The situation was resolved on paper. Pretty much the same way as o-ring erosion was 'resolved' by NASA before Challenger.
http://www.nrc.gov/reading-rm/doc-collections/nuregs/staff/sr0933/sec3/196.html
Furthermore, the behaviour of boral in the event of loss of coolant was not ever addressed.

I am referring to it as example of this sort of fault. Feynman explains why it is wrong much better than I can.

Yes, I've read that already. Again, I don't see anywhere saying HOW it was resolved, so how can we talk about it if we don't know. I'm not getting from the article that they just said it was good and continued on, so if that is what they did then that's not a good thing.


Well, it would be more like - I am not sure benefits outweight the costs. And I strongly disagree with those who are absolutely sure that benefits outweight the costs.
The problem with natural disasters is... that is plant failure when you are least ready to handle it. That's simultaneous plant failure. It is OK when you make 25..30% of electrical power with nuclear. It is not ok when you are approaching 80%. Simultaneous failures are very bad.

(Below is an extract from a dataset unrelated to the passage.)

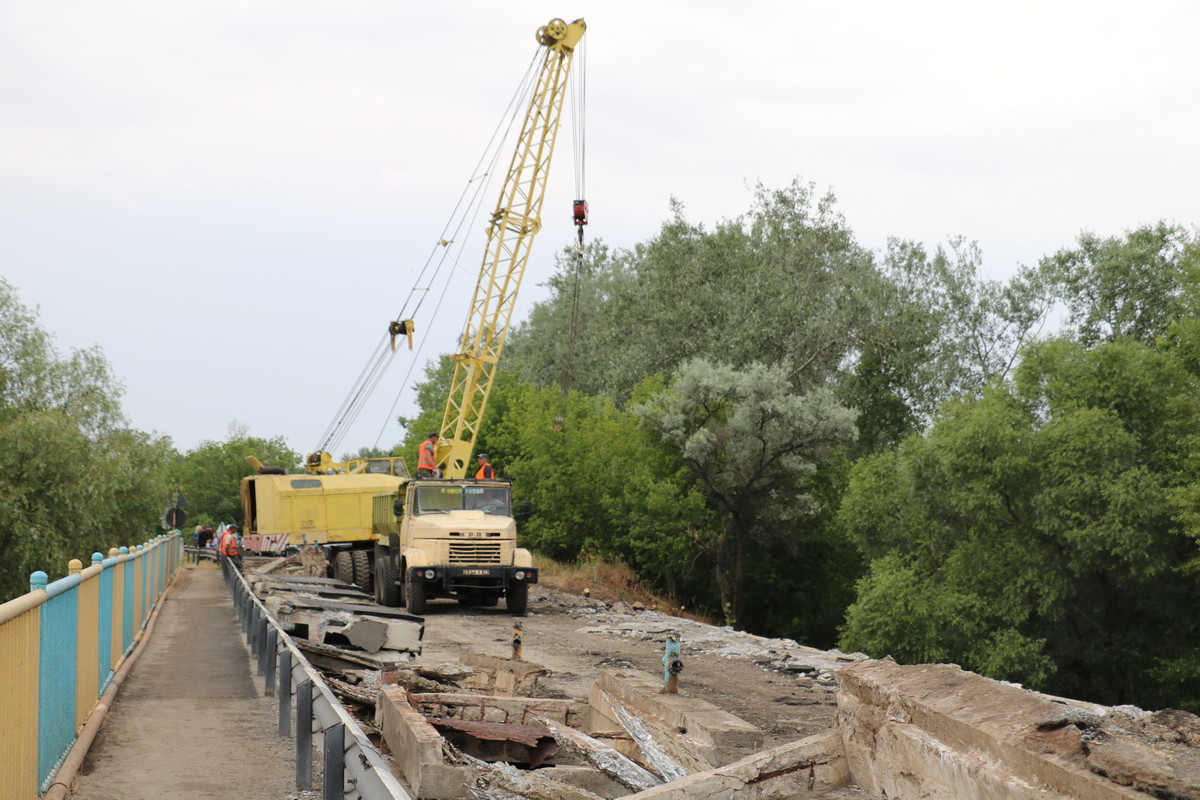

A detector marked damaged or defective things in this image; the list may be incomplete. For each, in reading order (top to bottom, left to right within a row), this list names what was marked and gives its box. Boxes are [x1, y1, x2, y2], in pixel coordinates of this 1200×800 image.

broken concrete slab [835, 657, 1152, 800]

But WHY do you disagree? What basis does your position come from? Other than your mistrust of course. Everything I have ever read points to FAR more injuries and deaths from every other form of power production we currently have. Do you disagree with that? Or are you saying that the POTENTIAL dangers outweigh the benefits? For me personally, if the data shows that nuclear power has caused few injuries and deaths, AND harmed the environment less, then why wouldn't I want us to use it?

Of course, all that is with the understanding that it CONTINUES to cause the least amount of harm overall.